In the 1790s, the French government and state scientific academy created the first version of the metric system, in an unprecedented effort at standardizing weights and measures. Early modern European marketplaces were a jungle of units: different products (for example wine and milk) were measured with different units; the same material was measured with different units at extraction, wholesale, and retail; units varied at local level and, often, within parish. To make things more complicated, each of these units was defined as the length of a specific rod or as the capacity of a certain container. These precious objects often got altered or lost. Absurd from a present-day perspective, the system reflected a different culture of measuring. Early modern units expressed more than quantity: they reflected the quality of the product, its process of production, and the power relations of the feudal and corporative system. 
Enlightened reformers and compilers of the cahiers des doléances (lists of grievances compiled across France in spring 1789 at the order of Louis XVI) agreed that this fragmented system was chaotic and encouraged cheating. Its reform suited the agenda of the revolutionaries, who were seeking to give the people tangible evidences of rupture with the Ancien Regime. Most contemporary French science stars, such as Lavoisier, Lagrange, Laplace, Coulomb, took part in the project. They agreed to base the units on natural constants, defining the meter as 1 tenth-million of the distance between the pole and the equator and deriving from it the units to measure weight, capacity, and surface. The impartiality of nature was a key concept of the Enlightenment. Nature was the source of anything rational, universal, and lasting. Only a system of units based on nature could survive wars and earthquakes.
Thus was born the metric system. On 22nd June 1799, after almost a decade of cutting-edge scientific work, a team of experts from France and allied countries delivered the official platinum objects embodying the meter and the kilogram to the French government. But the new units did not match the Enlightenment dream. The unit of length was once again the length of a rod. Even if an earthquake destroyed the rod, the meridian would not be a direct source from which to reconstruct the meter.  To better preserve the value of the unit, in fact, the international team had linked the length of the rod to the length of the pendulum beating seconds at the latitude of Paris. Going back to the meridian would not have helped to rediscover the length of the meter: the scientists who remeasured the meridian in the nineteenth century found out that their colleagues had made mistakes.

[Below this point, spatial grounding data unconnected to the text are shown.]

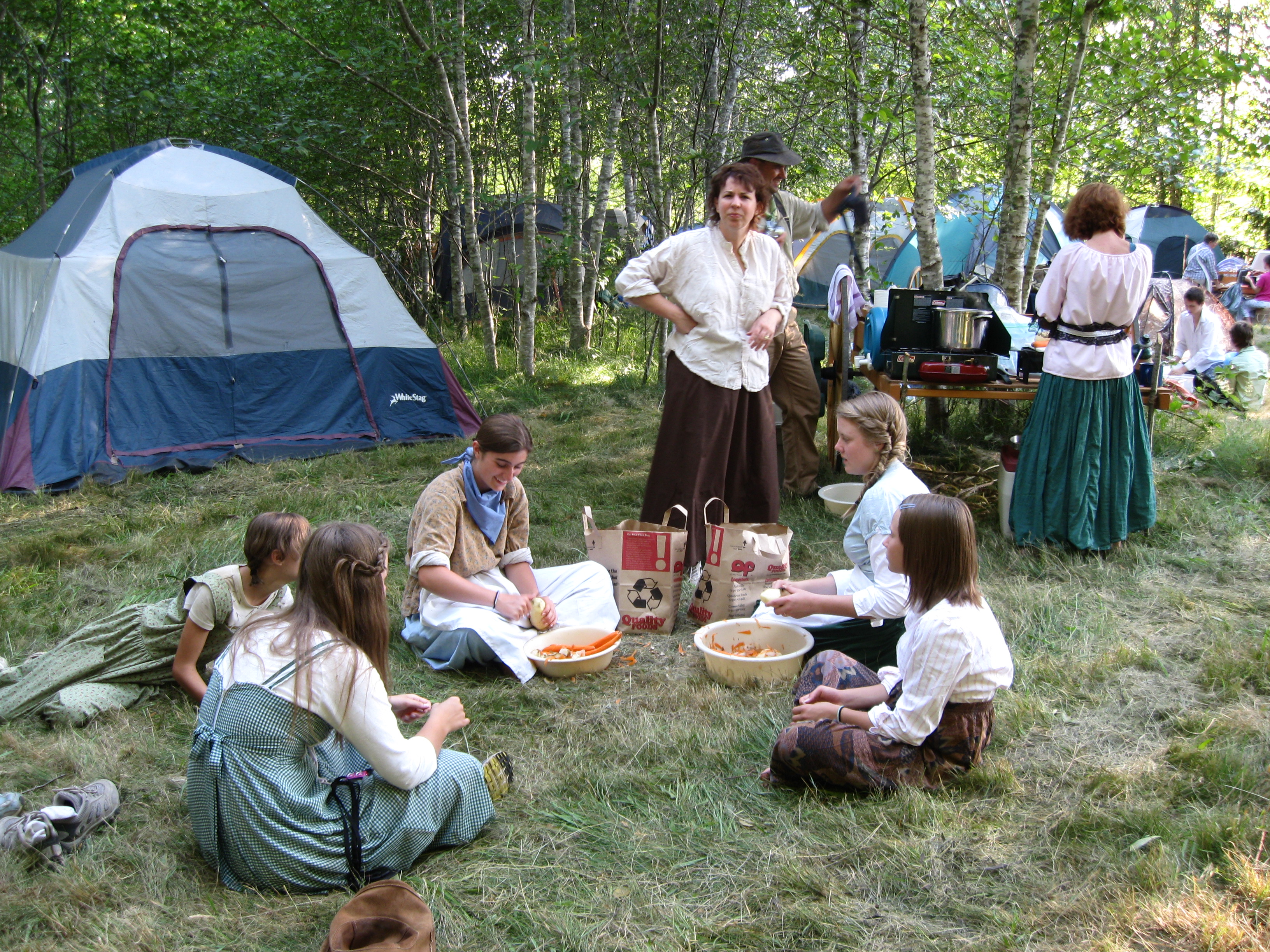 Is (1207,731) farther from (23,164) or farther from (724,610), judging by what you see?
(23,164)

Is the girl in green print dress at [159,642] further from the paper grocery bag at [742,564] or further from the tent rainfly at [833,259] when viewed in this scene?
the tent rainfly at [833,259]

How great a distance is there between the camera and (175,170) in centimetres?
630

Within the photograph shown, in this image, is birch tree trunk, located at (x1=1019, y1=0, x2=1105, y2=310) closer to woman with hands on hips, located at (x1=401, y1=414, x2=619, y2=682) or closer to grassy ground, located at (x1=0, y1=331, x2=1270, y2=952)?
grassy ground, located at (x1=0, y1=331, x2=1270, y2=952)

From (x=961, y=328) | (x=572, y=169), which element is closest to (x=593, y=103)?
(x=572, y=169)

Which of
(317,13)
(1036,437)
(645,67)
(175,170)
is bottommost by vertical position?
(1036,437)

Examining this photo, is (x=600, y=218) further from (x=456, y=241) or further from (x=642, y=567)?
(x=642, y=567)

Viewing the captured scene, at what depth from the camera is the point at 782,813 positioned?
7.29ft

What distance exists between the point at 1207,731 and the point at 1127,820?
618mm

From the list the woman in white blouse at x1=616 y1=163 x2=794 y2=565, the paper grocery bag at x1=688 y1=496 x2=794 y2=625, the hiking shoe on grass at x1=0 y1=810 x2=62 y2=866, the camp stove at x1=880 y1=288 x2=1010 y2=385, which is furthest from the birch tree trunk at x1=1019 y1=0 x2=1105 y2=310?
the hiking shoe on grass at x1=0 y1=810 x2=62 y2=866

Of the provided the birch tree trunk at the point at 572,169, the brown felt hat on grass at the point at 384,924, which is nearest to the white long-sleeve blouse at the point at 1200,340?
the birch tree trunk at the point at 572,169

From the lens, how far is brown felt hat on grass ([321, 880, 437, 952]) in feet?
5.25

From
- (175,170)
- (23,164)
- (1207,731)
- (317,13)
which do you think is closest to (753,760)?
(1207,731)

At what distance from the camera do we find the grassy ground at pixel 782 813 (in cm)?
184

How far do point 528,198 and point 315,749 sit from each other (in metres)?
6.50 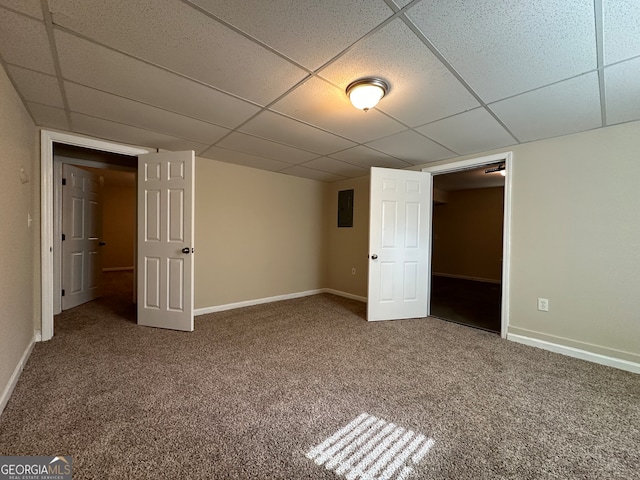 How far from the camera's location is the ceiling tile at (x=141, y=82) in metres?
1.51

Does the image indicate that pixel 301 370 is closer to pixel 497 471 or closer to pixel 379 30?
pixel 497 471

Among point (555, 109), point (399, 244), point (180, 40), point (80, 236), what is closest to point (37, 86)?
point (180, 40)

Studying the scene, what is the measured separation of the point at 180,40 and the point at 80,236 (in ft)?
13.6

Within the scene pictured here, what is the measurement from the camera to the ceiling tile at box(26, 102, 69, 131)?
2204 millimetres

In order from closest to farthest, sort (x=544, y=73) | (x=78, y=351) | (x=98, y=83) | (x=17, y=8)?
(x=17, y=8)
(x=544, y=73)
(x=98, y=83)
(x=78, y=351)

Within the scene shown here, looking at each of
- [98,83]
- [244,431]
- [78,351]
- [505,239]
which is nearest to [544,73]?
[505,239]

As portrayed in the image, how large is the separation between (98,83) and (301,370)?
265cm

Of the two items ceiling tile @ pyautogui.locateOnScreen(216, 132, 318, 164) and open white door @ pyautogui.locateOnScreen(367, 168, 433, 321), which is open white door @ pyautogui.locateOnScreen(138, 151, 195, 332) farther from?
open white door @ pyautogui.locateOnScreen(367, 168, 433, 321)

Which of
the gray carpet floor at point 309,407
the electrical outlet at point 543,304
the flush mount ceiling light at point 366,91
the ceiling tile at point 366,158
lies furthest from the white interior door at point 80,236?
the electrical outlet at point 543,304

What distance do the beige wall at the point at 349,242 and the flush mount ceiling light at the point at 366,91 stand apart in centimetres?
271

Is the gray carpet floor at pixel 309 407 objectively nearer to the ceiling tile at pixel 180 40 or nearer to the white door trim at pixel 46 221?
the white door trim at pixel 46 221

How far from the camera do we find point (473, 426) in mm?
1565

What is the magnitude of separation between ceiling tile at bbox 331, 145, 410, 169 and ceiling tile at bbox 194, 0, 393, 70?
68.2 inches

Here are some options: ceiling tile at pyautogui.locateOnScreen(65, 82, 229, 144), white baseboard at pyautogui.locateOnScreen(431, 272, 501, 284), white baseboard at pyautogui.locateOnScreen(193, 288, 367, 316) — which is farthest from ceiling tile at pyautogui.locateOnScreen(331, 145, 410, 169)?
white baseboard at pyautogui.locateOnScreen(431, 272, 501, 284)
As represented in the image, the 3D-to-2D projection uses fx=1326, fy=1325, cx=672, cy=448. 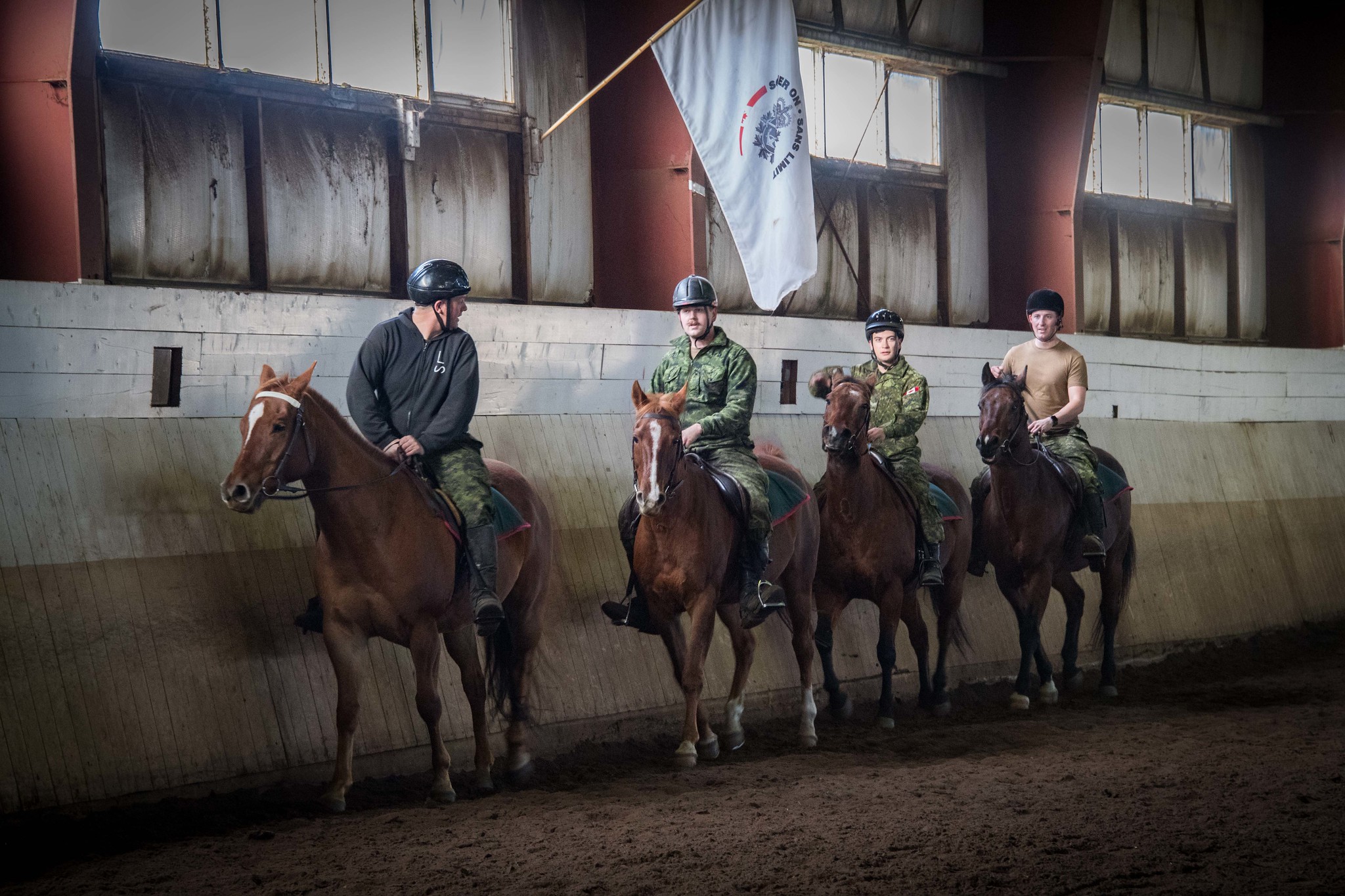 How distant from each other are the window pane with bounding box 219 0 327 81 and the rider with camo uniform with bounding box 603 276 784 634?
10.2ft

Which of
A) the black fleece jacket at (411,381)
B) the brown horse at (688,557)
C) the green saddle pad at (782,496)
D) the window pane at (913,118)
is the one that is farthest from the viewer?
the window pane at (913,118)

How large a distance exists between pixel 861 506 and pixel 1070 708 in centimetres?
216

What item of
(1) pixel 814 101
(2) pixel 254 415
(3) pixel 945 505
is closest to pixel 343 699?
(2) pixel 254 415

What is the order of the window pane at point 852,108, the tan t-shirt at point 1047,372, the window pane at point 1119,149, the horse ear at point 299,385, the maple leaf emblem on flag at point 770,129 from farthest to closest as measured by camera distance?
1. the window pane at point 1119,149
2. the window pane at point 852,108
3. the tan t-shirt at point 1047,372
4. the maple leaf emblem on flag at point 770,129
5. the horse ear at point 299,385

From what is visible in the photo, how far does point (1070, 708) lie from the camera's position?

At first, enthusiasm for the metric system hardly spread outside of the Parisian scientific milieu. Using the new units meant changing mindset and altering a network of practices, without any apparent benefit for the general public beside a rational aesthetic that failed to move Breton salt merchants. In the early nineteenth century the technological benefits of standardization that we enjoy today, like the mass production of laptops and cars, were unknown.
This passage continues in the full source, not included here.